Recall that the Florida Supreme Court has held that Hurst only applies retroactively to sentences that were final after SCOTUS released its opinion in Ring v. Arizona in June 2002. So if a 7-5 jury recommended the death penalty in a sentence that became final in 2001, Hurst will not require a new sentencing hearing, whereas an 11-1 jury recommendation in a sentence finalized in 2006 will get a new sentencing hearing.
This line in the sand struck some (including Justice Pariente, Justice Lewis, and since-retired Justice Perry) as arbitrary and perhaps an easy issue for SCOTUS intervention, especially in death warrant cases on the eve of execution. But then a few death warrant cases challenging the Ring cutoff came and went without comment from any of the justices. Does SCOTUS sanction the retroactive cutoff at Ring?
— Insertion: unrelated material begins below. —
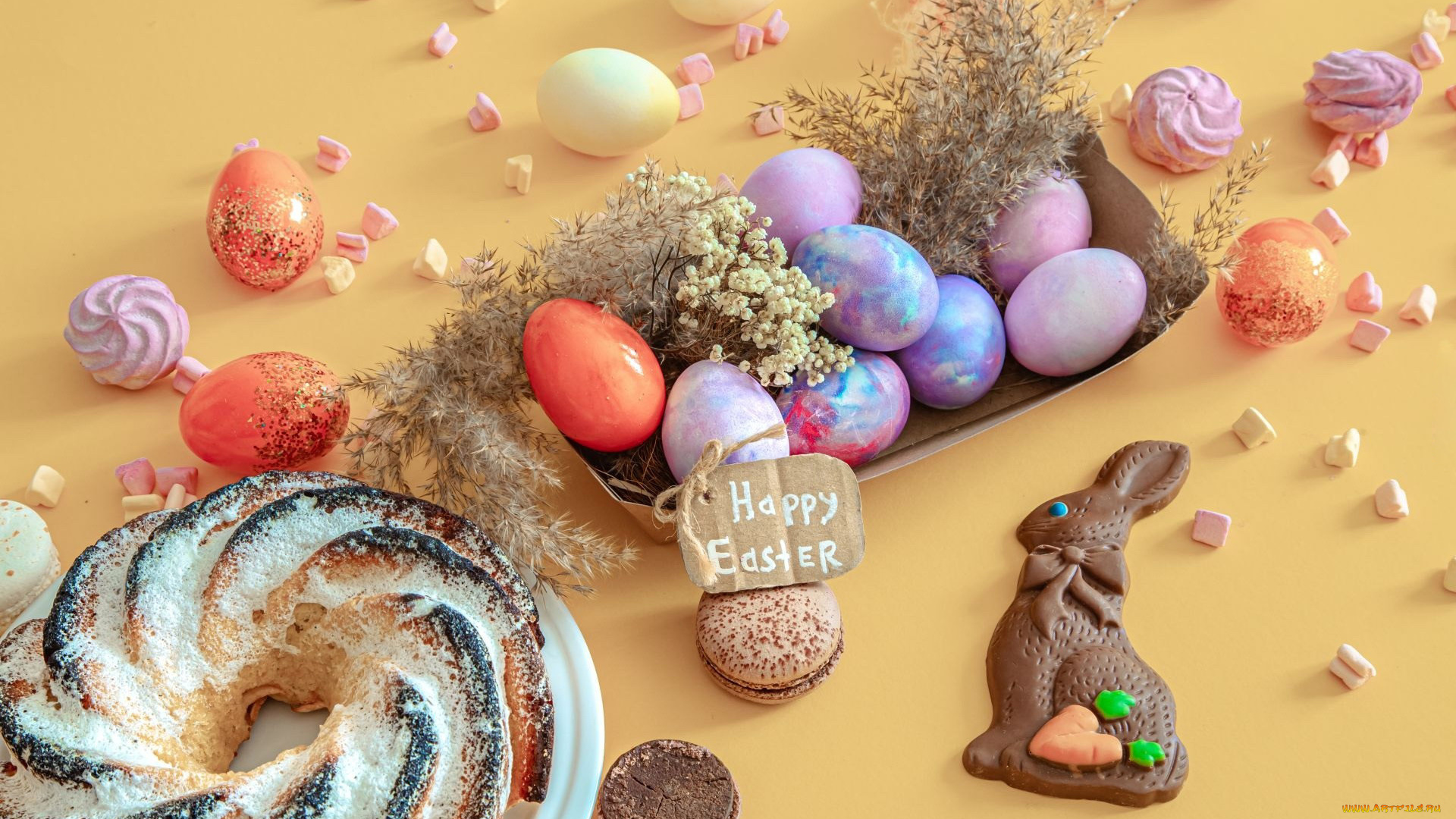 праздничные, пасха, кулич, шоколадный, заяц, крашенки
Justice Breyer indicates the answer might be yes, citing the retroactivity issue as a reason against granting cert in some of the companion cases with Reynolds:
Second, many of these cases raise the question whether the Constitution demands that Hurst be made retroactive to all cases on collateral review, not just to cases involving death sentences that became final after Ring. I believe the retroactivity analysis here is not significantly different from our analysis in Schriro v. Summerlin, 542 U. S. 348 (2004), where we held that Ring does not apply retroactively. Although I dissented in Schriro, I am bound by the majority’s holding in that case. I therefore do not dissent on that ground here.
So because Schriro held that Ring wasn’t retroactive, the Florida Supreme Court’s rule applying Hurst from Ring forward is fine, at least to Justice Breyer. This at least partially explains the denials in Asay, Lambrix, Hannon (though he had a unanimous jury), and Branch‘s death warrant cases. It also might explain the denial of cert in Hitchcock v. Florida. At the very least, it might explain Justice Breyer’s vote in those cases.
Notably, the Florida Supreme Court did not rely upon Schriro in creating the Ring cutoff, mentioning the case in passing in Asay (while opting to follow its Witt and Johnson cases), and not even discussing Schriro in Hitchcock, which is now the main case it uses to reject the challenge to the Hurst retroactivity rule.
Why? In Johnson, the Florida Supreme Court explained that Schriro contains the “narrow” Teague standard, while Witt makes it easier to apply a new criminal procedure rule retroactively. The Florida court held in Johnson that Ring wasn’t retroactive under Witt. If a rule is not retroactive after applying the broader Witt–Johnson standard, it will not be retroactive under Teague–Schriro.
In other words, Justice Breyer–who routinely questions “the constitutionality of the death penalty itself” (and did so again on Tuesday)–indicated that he does not believe Hurst should be applied retroactively in light of the stricter Schriro test, which he believes is settled law. That does not bode well for death row inmates whose sentences were final before Ring v. Arizona.